To confirm the significance of PNPLA6 mutations in the pathogenesis of ataxia-hypogonadism syndromes, index patients from four additional independent Boucher-Neuhäuser syndrome families were screened for PNPLA6 mutations by conventional Sanger sequencing. We identified two additional Boucher-Neuhäuser syndrome families with PNPLA6 mutations: (Family IHG25357: c.[3134C > T]; [3365C > T], p.[Ser1045Leu]; [Pro1122Leu]; and Family IHG25353: c.[1732G > T]; [3197T > C], p.[Gly578Trp]; [Phe1066Ser]) (Table 2; for pedigrees and electropherograms, see Supplementary Figs 1 and 2).

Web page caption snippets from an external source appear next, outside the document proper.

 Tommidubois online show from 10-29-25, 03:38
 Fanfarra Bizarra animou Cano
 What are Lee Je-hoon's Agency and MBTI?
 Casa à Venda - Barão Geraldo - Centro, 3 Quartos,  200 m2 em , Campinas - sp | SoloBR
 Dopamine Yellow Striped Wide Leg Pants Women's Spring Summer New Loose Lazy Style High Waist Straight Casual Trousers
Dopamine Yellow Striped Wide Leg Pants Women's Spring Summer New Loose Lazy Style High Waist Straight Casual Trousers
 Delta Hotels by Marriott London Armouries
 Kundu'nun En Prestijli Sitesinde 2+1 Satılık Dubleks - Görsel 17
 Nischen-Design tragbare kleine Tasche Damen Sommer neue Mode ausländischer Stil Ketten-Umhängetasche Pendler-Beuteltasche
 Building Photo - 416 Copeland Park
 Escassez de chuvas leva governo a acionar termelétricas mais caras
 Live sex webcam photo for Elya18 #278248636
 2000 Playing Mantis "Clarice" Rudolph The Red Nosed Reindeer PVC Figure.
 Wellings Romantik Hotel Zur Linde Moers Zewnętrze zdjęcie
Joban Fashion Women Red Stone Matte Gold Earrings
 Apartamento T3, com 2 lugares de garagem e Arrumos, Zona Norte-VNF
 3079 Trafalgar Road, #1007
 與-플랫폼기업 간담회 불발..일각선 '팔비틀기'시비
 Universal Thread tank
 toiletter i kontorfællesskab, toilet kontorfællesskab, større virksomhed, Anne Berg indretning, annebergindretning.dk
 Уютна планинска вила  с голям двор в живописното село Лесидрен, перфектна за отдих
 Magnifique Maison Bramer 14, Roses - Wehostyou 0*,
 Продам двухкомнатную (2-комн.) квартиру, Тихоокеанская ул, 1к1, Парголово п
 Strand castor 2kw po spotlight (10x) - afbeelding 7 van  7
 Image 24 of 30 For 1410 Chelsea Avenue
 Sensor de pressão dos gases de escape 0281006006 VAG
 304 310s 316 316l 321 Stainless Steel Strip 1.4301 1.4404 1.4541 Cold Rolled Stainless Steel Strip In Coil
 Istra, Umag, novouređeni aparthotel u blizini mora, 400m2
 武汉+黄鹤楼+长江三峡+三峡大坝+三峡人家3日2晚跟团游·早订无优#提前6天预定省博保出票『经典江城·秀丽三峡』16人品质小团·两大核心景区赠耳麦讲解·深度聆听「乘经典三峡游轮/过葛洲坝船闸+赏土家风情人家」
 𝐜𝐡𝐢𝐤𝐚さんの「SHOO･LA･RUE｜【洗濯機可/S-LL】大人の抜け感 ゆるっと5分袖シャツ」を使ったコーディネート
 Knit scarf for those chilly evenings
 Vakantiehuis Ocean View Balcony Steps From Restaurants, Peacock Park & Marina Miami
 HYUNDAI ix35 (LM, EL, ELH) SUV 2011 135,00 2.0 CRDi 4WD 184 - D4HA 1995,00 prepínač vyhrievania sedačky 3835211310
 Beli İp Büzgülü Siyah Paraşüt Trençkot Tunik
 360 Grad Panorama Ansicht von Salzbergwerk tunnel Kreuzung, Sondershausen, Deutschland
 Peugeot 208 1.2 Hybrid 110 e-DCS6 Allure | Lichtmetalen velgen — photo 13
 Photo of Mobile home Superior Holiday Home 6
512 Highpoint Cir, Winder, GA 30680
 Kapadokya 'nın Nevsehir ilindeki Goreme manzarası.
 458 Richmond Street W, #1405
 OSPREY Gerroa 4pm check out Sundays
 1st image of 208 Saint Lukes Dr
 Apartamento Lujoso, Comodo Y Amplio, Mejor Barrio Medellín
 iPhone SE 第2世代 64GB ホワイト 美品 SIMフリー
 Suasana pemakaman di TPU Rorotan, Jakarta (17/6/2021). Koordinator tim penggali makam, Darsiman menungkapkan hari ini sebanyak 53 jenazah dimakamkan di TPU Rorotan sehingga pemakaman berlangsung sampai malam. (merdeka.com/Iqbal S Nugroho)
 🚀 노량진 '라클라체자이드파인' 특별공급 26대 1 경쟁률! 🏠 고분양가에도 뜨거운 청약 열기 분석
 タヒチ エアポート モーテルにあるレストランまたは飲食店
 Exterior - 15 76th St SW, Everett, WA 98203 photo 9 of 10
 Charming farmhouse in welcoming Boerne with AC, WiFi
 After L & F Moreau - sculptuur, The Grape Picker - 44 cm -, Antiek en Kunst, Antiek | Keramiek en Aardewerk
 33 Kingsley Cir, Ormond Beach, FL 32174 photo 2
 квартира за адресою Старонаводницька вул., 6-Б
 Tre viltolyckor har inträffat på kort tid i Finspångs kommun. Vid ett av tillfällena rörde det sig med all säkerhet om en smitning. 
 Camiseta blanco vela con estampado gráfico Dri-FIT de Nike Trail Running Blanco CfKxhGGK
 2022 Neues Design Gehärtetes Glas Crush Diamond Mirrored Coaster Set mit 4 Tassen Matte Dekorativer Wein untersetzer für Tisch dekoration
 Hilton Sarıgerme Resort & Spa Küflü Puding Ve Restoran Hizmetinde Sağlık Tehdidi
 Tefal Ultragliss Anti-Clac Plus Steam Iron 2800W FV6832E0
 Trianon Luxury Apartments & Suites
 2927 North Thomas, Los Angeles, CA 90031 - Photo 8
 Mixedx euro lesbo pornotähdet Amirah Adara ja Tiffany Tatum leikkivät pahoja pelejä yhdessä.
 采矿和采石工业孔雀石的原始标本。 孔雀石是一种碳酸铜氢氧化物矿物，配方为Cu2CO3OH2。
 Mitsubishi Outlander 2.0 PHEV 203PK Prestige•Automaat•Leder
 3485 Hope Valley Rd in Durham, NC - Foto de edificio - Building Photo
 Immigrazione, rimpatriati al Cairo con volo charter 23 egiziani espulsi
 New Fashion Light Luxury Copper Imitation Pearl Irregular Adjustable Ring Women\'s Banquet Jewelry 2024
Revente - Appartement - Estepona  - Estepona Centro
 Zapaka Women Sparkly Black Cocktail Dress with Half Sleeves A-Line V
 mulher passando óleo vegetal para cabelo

PNPLA6 causes a wide spectrum of neurodegenerative disease

To explore the possibility that Boucher-Neuhäuser syndrome and Gordon Holmes syndrome are only clusters on a wider spectrum of neurodegenerative disease, PNPLA6 was used as a ‘seed’ in the analysis of exome data from 538 unrelated patients with non-Boucher-Neuhäuser syndrome/Gordon Holmes syndrome neurodegenerative diseases (non-Boucher-Neuhäuser syndrome/Gordon Holmes syndrome early-onset ataxia; non-Boucher-Neuhäuser syndrome/Gordon Holmes syndrome hereditary spastic paraplegia; CMT type 2) where family history was compatible with recessive disease. This analysis identified a spastic ataxia patient (Subject IHG26117), who carried significant compound heterozygous changes (c.[3084_3085insGCCA]; [3299T > G], p.[Arg1031Glufs*38]; [Val1100Gly]) and a case with hereditary spastic paraplegia and mild motor neuropathy (Subject IHG26041) with compound heterozygous variants (c.[787G > A]; [2519G > A], p.[Val263Ile]; [Gly840Glu]) in PNPLA6 (Table 2).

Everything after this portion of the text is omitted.